Subject | Re: [Firebird-Architect] Databases on NFS shares |
---|---|
Author | Paul Beach |
Post date | 2003-06-16T07:35:32Z |
FYI
<<As of this date (Tue Nov 20 1990), we do not use, or work with, NFS
so much as we *work around* its deficiencies. Here's why:
1. While NFS provides a way for machines to access remote files as if
they were local, it does not provide a way to *coordinate* that
access so that multiple writers don't clobber each other's work. There
is a facility called the Lock Daemon, but it is inadequate for InterBase's
needs.
At the very least, it does not provide the necessary different locking
modes that we need. So, we have our own lock manager that doles out
locks on database files, relations in the databases, and so forth. Since
this process must run on the node where the database resides, application
code must connect to it via TCP. Having gone that far, it seems reasonable
to just put a request server on that same node, and have it do all the
access *and* talk with the local lock manager.

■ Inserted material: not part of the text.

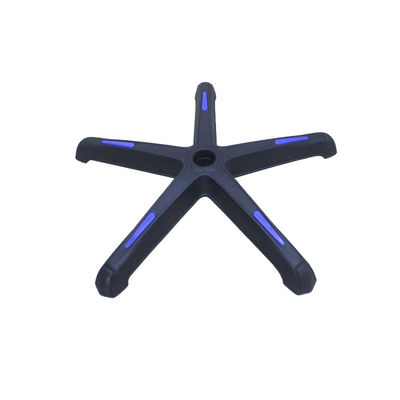 Height Adjustable Black Nylon Rotating Office Chair Base with Lumbar Support and Casters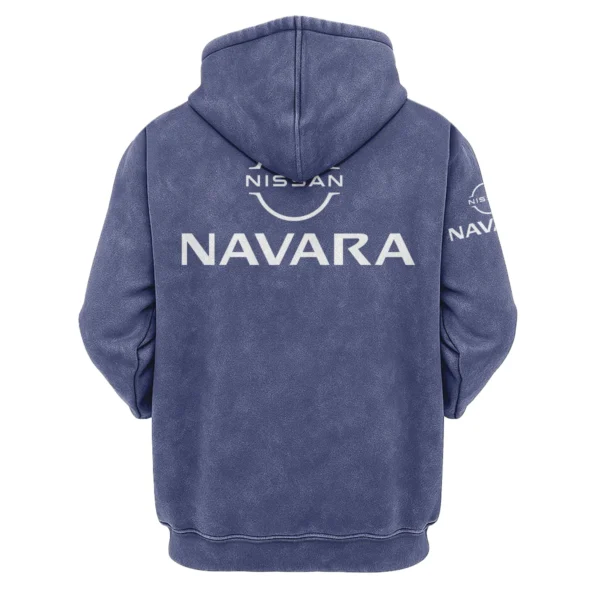 Nissan Navara Exclusive Logo Hoodie Vintage QTUT200625A1NNA - Blue - Image 2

As of this date, research and development has been done on a "page/lock
manager" that would respond to requests for locks and pages but do no
actual relational requests. For now, work on that has been stopped.

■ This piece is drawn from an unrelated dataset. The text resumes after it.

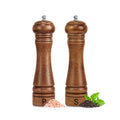 Wooden Salt and Pepper Grinder Set Refillable Salt & Pepper Mills (Brown Oak Wood)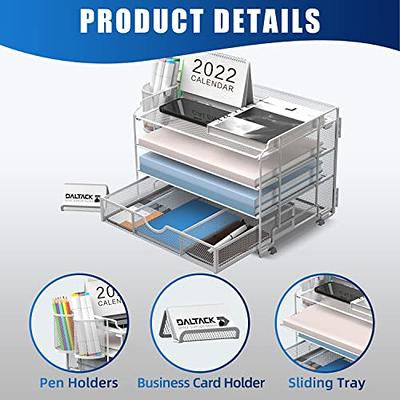DALTACK Mesh Desk Organizer, 4 Tier Paper Letter Tray Organizer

It's entirely possible that in a the future, a page/lock server, or a
lock server, may be made available for use in certain circumstances.
2. The internal structure or format of the database -- what we call the
On-Disk Structure, or ODS -- depends on the architecture of the machine
that is accessing the database. This is primarily because different machines
have different alignment requirements. For example, the Sun 3 is fairly
flexible in this regard, while the Sparc has quite stringent requirements.
Data that is closely packed in the database file can be loaded directly
into memory on a Sun 3, but the same data packed the same way and loaded
directly into memory on a Sparc would cause kernel errors. So, a database
created by a Sun 3 cannot be read (or written!) by a Sparc, and vice versa.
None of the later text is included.